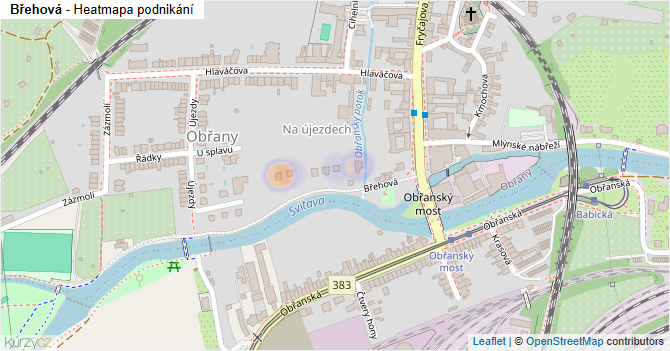 Břehová - mapa podnikání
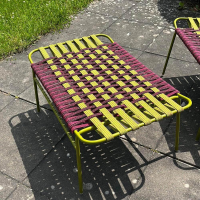 Paola Lenti - Outdoor Sessel Telar Geflecht 1A Weave Bordeaux Rot Und Verde Grün Gestell Stahl Verde Grün Mit Hocker - 2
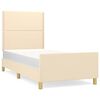vidaXL Bedframe zonder matras 90x190 cm stof cr&egrave;mekleurig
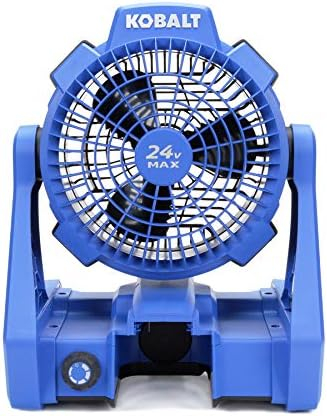 Kobalt 7-in 24 -Volt 5 -Speed High Velocity Indoor/Outdoor Blue Personal Fan
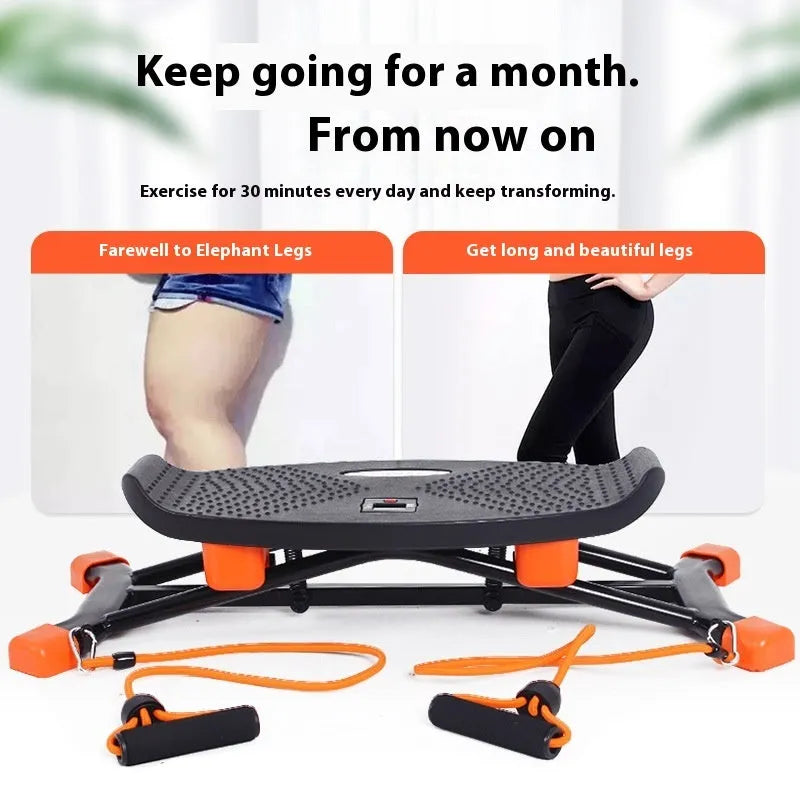 Black JS101A mini indoor skiing exercise machine with elastic hand straps on a carpet.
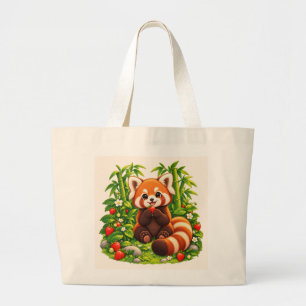 Bolsa Tote Grande Saco de mão gigante Jardim de Morango Panda Vermel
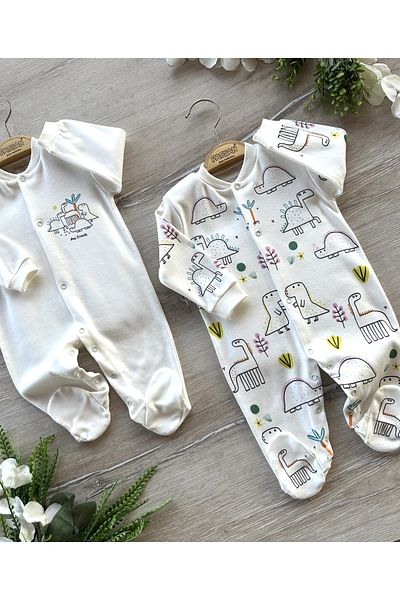 Renkli Puset 2-Piece Organic Cotton Combed Baby Rompers with Booties Set Dinosaurs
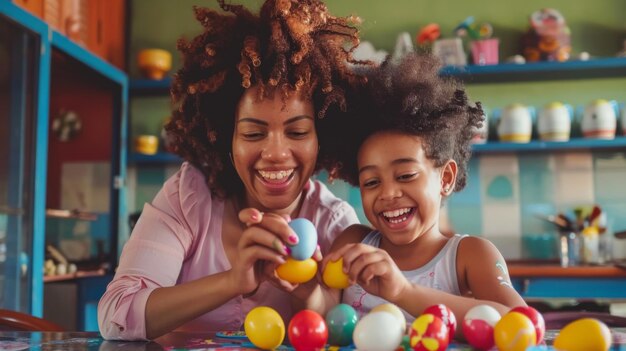 Photo girl and mother having fun while painting eggs for easter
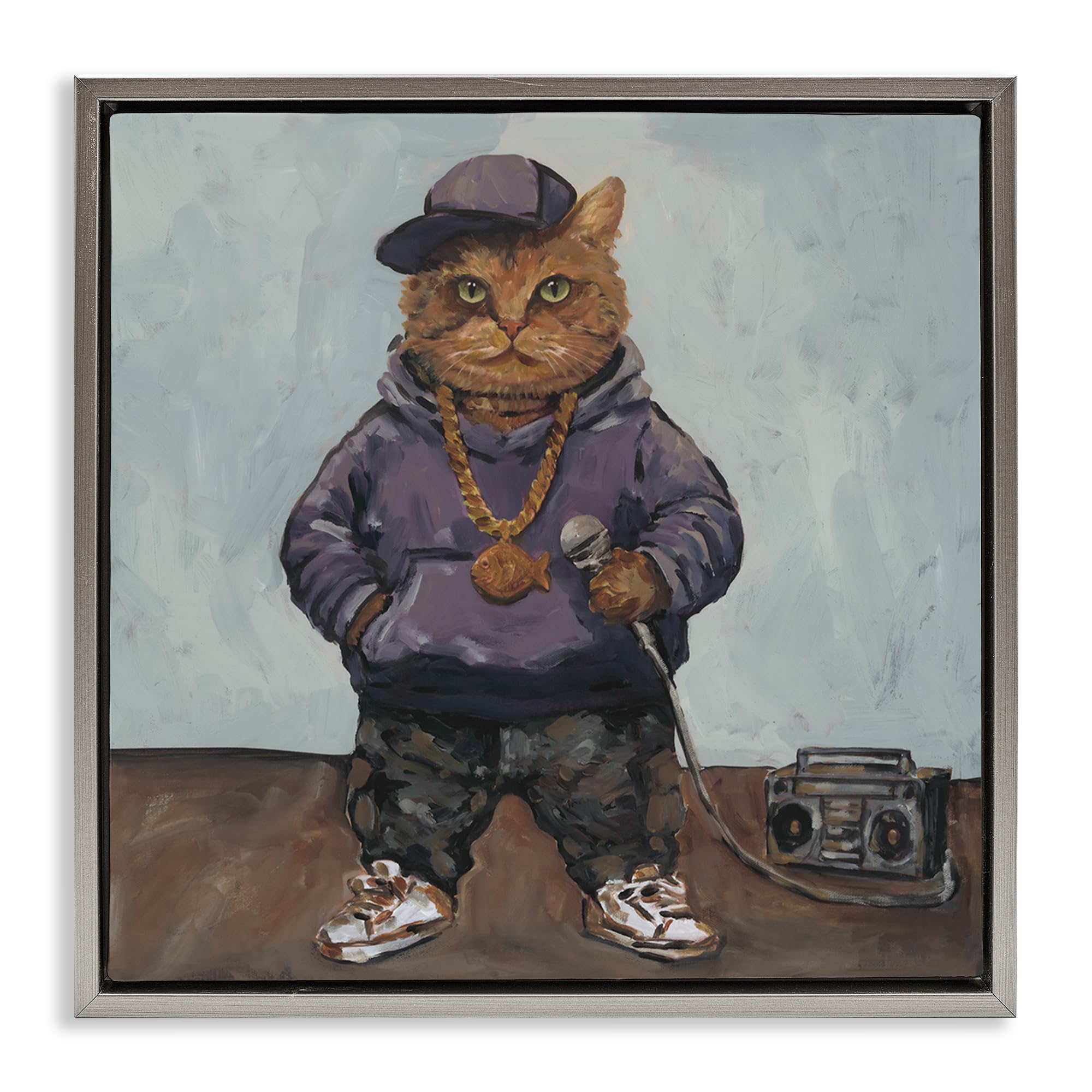 'Urban Hip-Hop Cat'| Floating Frame Canvas Art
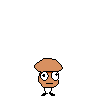 a pixel art drawing of a mushroom with legs and arms .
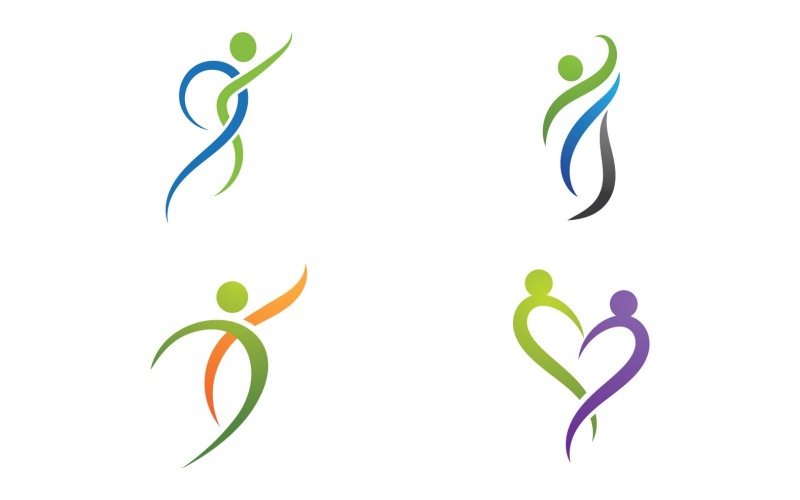 Caracter humano salud personas logo vector v9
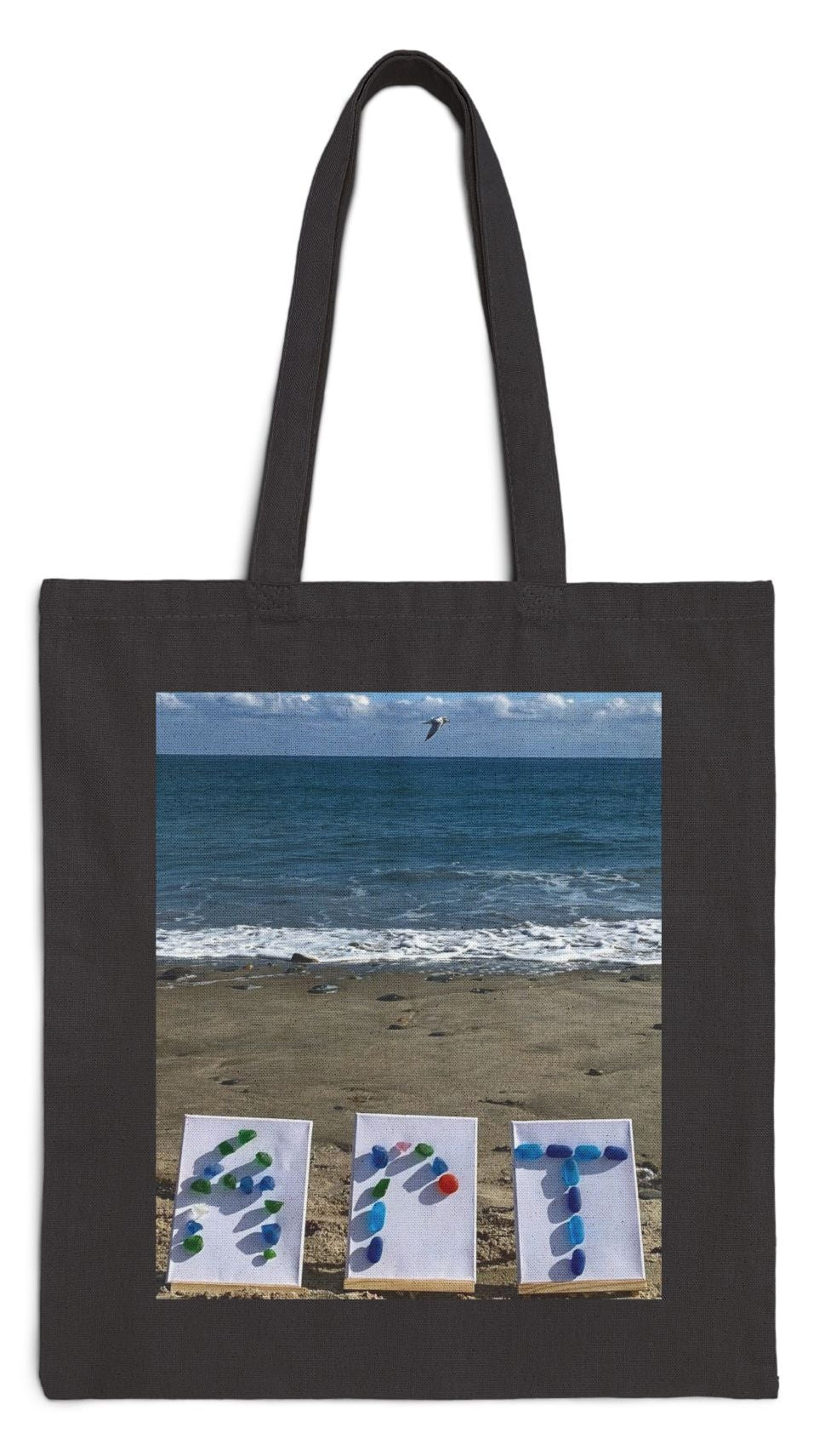 Art Tote Bag Black 15" x 16" Cotton Canvas Different print on Each Side. "Beach Art & Seaside Art"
══════
WHAT IS BEING ASKED -
Reproduce, word for word, only the lines in the records above from the line with "Kobalt 7-in 24" through the line with "Caracter humano salud", including both ends; omit the pictures.

YOUR SOLUTION -
 Kobalt 7-in 24 -Volt 5 -Speed High Velocity Indoor/Outdoor Blue Personal Fan
 Black JS101A mini indoor skiing exercise machine with elastic hand straps on a carpet.
 Bolsa Tote Grande Saco de mão gigante Jardim de Morango Panda Vermel
 Renkli Puset 2-Piece Organic Cotton Combed Baby Rompers with Booties Set Dinosaurs
 Photo girl and mother having fun while painting eggs for easter
 'Urban Hip-Hop Cat'| Floating Frame Canvas Art
 a pixel art drawing of a mushroom with legs and arms .
 Caracter humano salud personas logo vector v9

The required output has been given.